→ **Given data**
--- START ---

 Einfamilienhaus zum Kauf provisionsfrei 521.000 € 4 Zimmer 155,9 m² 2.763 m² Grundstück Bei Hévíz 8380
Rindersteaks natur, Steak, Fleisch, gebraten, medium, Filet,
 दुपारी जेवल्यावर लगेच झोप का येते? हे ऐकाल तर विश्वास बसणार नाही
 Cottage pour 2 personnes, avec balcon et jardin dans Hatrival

--- END ---
--- START ---

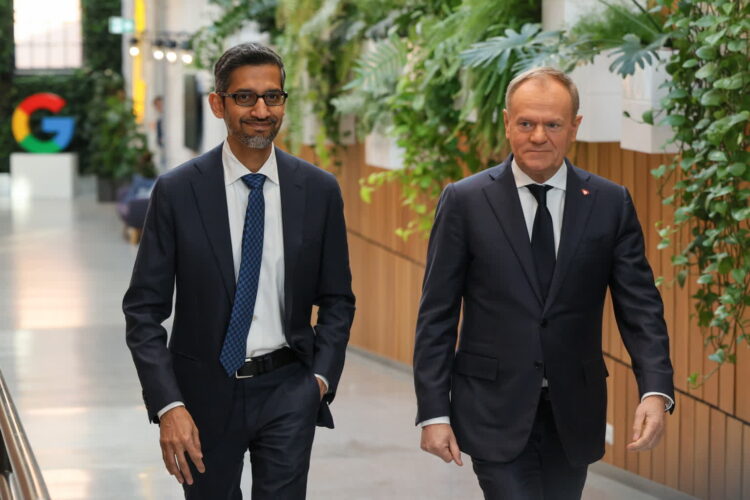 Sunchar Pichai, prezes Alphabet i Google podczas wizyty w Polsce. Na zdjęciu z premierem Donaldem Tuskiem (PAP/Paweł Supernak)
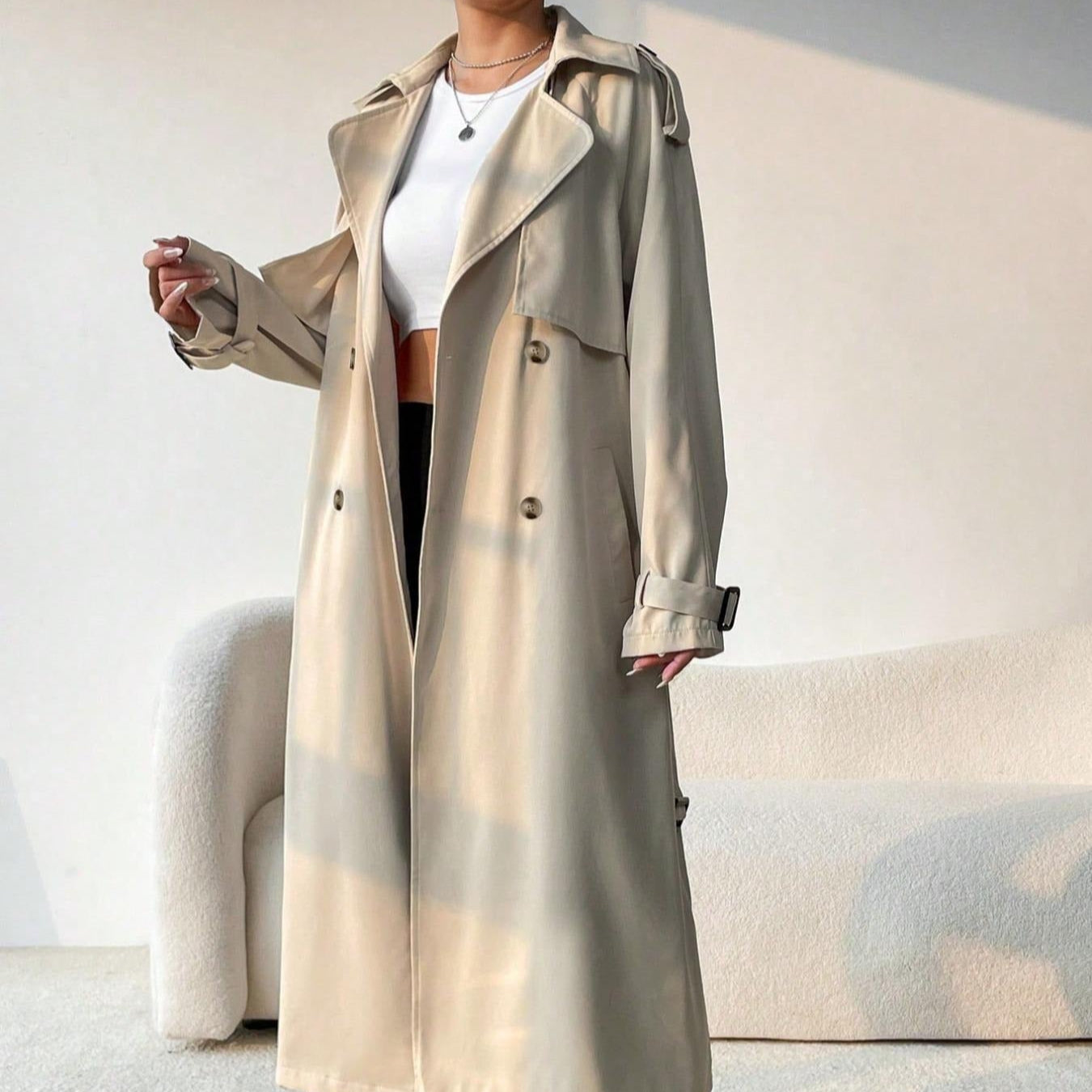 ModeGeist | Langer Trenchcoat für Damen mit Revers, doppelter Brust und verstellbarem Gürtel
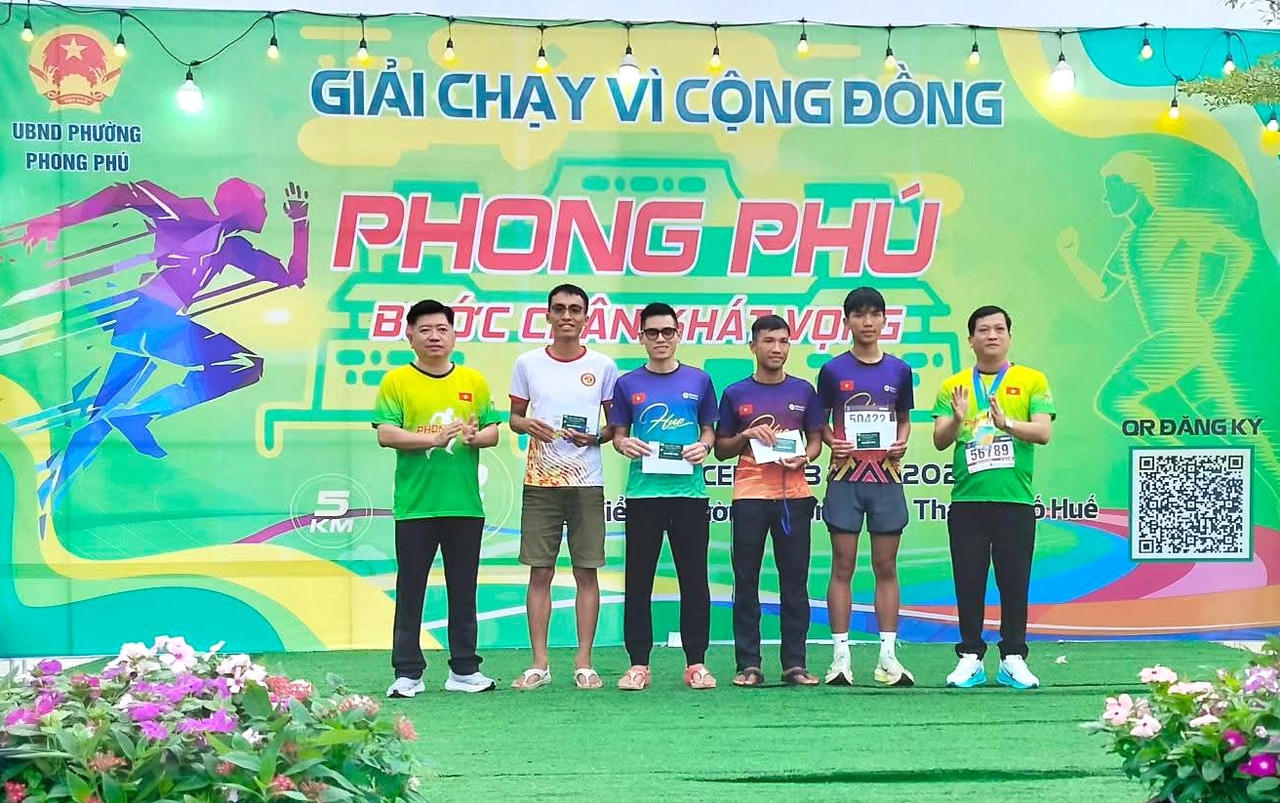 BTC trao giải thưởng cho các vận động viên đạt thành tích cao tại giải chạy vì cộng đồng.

--- END ---

Every line above from the one with "ModeGeist | Langer" down to the one with "BTC trao giải" must be written out exactly, and no picture may appear.

 ModeGeist | Langer Trenchcoat für Damen mit Revers, doppelter Brust und verstellbarem Gürtel
 BTC trao giải thưởng cho các vận động viên đạt thành tích cao tại giải chạy vì cộng đồng.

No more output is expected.